Clearance and Change (about 1790) in Colintraive

Tenant Farms

Most people in Colintraive in the 1700s lived in multi tenanted farms like those described by Thomas Pennant. In 1772 in he wrote

The method of letting a farm is very singular: each is commonly possessed by a number of small tenants who live in houses clustered together so that each farm appears like a little village.

Source:-‘A Tour in Scotland and Voyage to the Hebrides’

The Impact of Sheep on the Colintraive Area


With the introduction of sheep, times were changing and between 1755 and the 1790s the population of Inverchaolain, the parish which includes Colintraive, almost halved, dropping from 944 to 504. The minister of Inverchaolain, the Reverend Mr Hugh McTavish, surveyed the situation in his ‘.

It has been humorously observed, since flocks of sheep have expelled the droves of cows which formerly were kept in this part of the country, that the district should be called Sheep-all instead of Cowal. This has been owing to a practice, of letting large tracts of ground, to one or two individuals for sheep grazing, which were formerly occupied by eight or ten different tenants.’

Source:-Statistical Account’ of the parish about 1793


The people who had occupied the land moved into the growing industrial towns around Glasgow and the minister optimistically suggested that:

‘Happily, for them, they were mostly removed to the neighbouring towns, where they found sufficient employment, and where many of their children, by advantages of education, have raised themselves up to independence, to become useful members of the community, and a support and comfort to their parents in their old age.

(Source:-Mctavish, H. 1799)


These changes did not come without opposition.
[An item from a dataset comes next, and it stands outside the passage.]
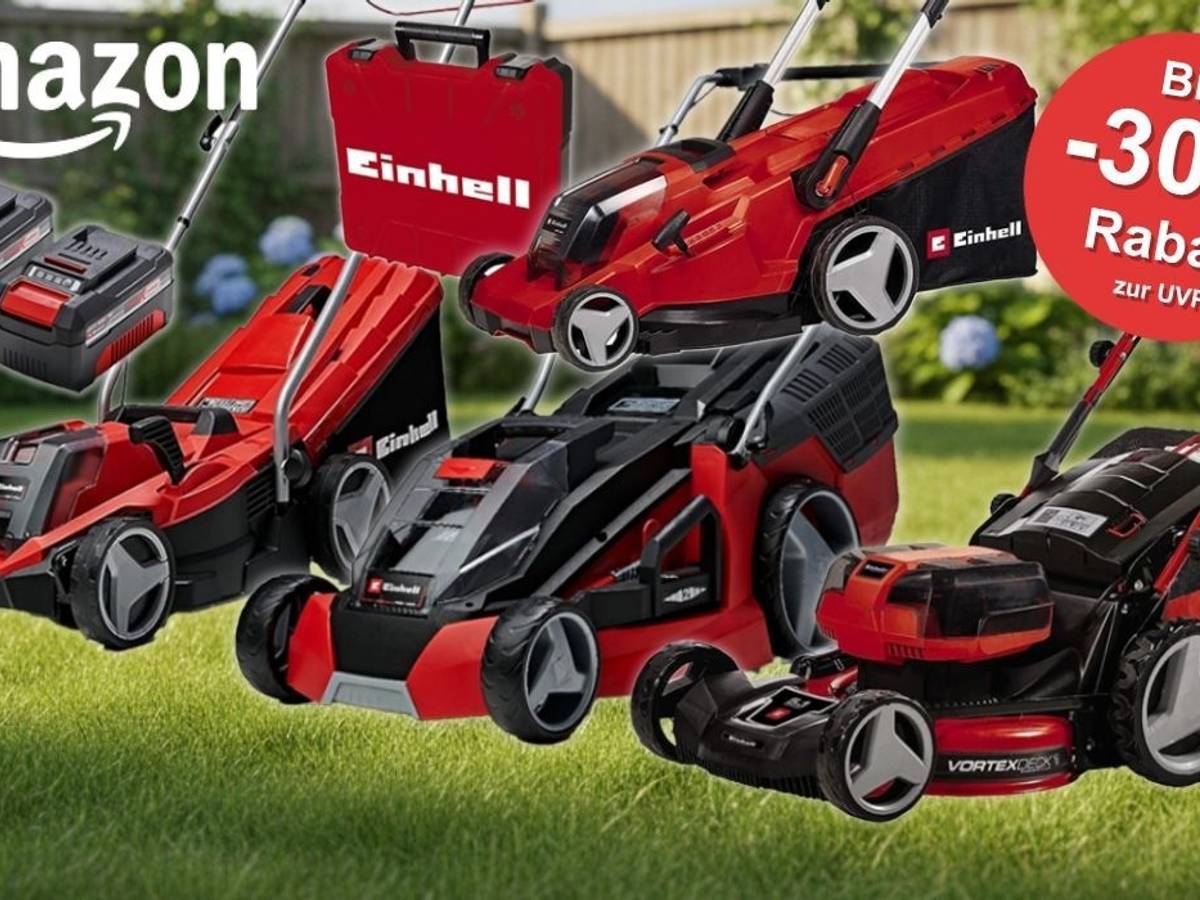 Collage mehrerer roter Einhell Akku-Rasenmäher verschiedener Modelle auf einem frisch gemähten grünen Rasen vor einem sommerlichen Gartenhintergrund. Links im Bild zwei Einhell Power X-Change Akkus mit Ladegerät. Amazon-Logo oben links, roter Sale-Button mit „Bis -30% Rabatt zur UVP" oben rechts.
The insecurity brought on by the lack of leases or short leases coupled with evictions caused dissention. As a result, the local Commissioners of Supply (controlled by the major landowners) noted in 1750 that in Inverchaolain Parish:

‘Threatenings have been lately emitted by several persons legally removed from their possessions.'(Source: -Mctavish, H. 1793)
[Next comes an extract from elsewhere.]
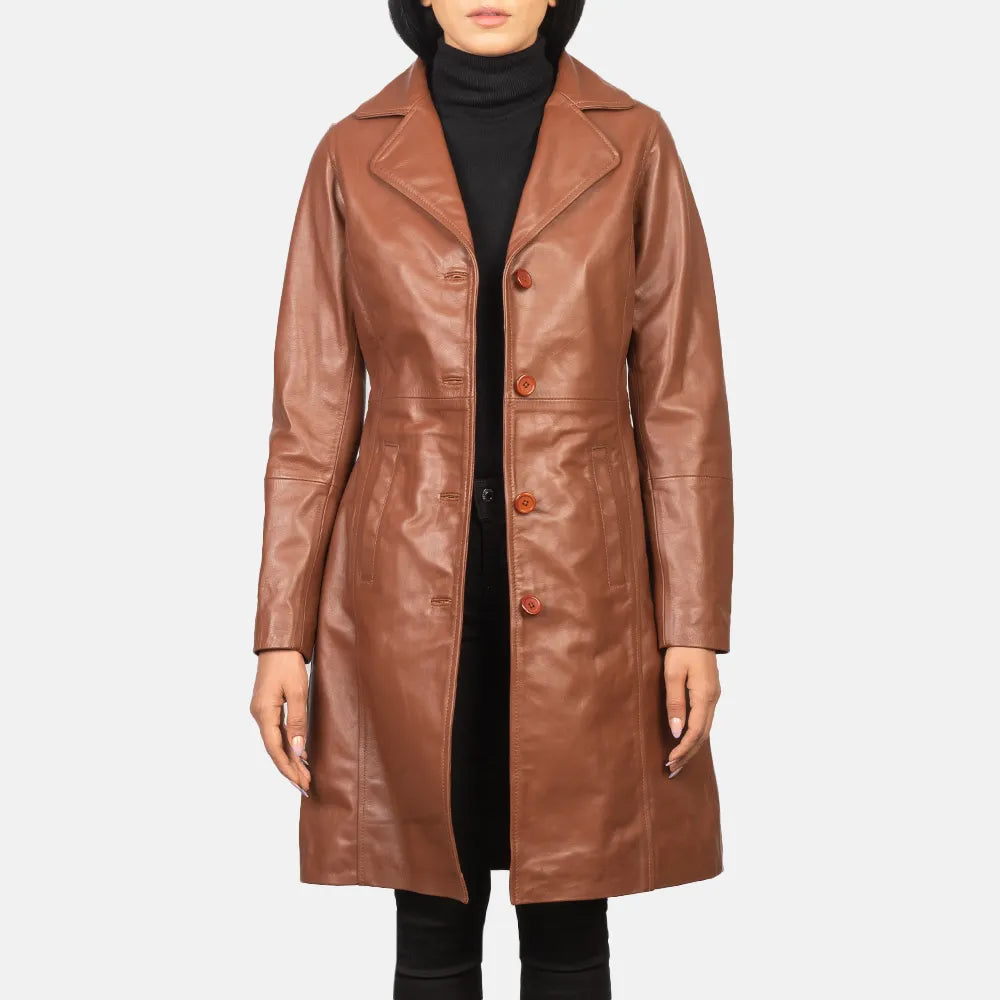 Genuine leather trench coat women's, perfect for any occasion.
The change from cattle grazing to the pasturing of sheep altered the nature of the land replacing the heather covered hills with grass, partly through the practice of burning the heather in the springtime. All the mountains some years ago, were covered with heath, but many of them now, being pastured with sheep, are mostly green.’ (Mctavish, H. 1793)

Housing in the 1800’s

‘It was of an oblong shape, about six yards long by three wide and the roof very steep, particularly at one end. The interior was dark and gloomy, for there was neither window nor lattice; and the little light that was admitted through the roof and the door place, was barely sufficient to shew the blackened sides and the slender poles which scarcely supported the roof. There was no chimney; and the draught was therefore so imperfect, that its smoke filled every cranny of the hut.’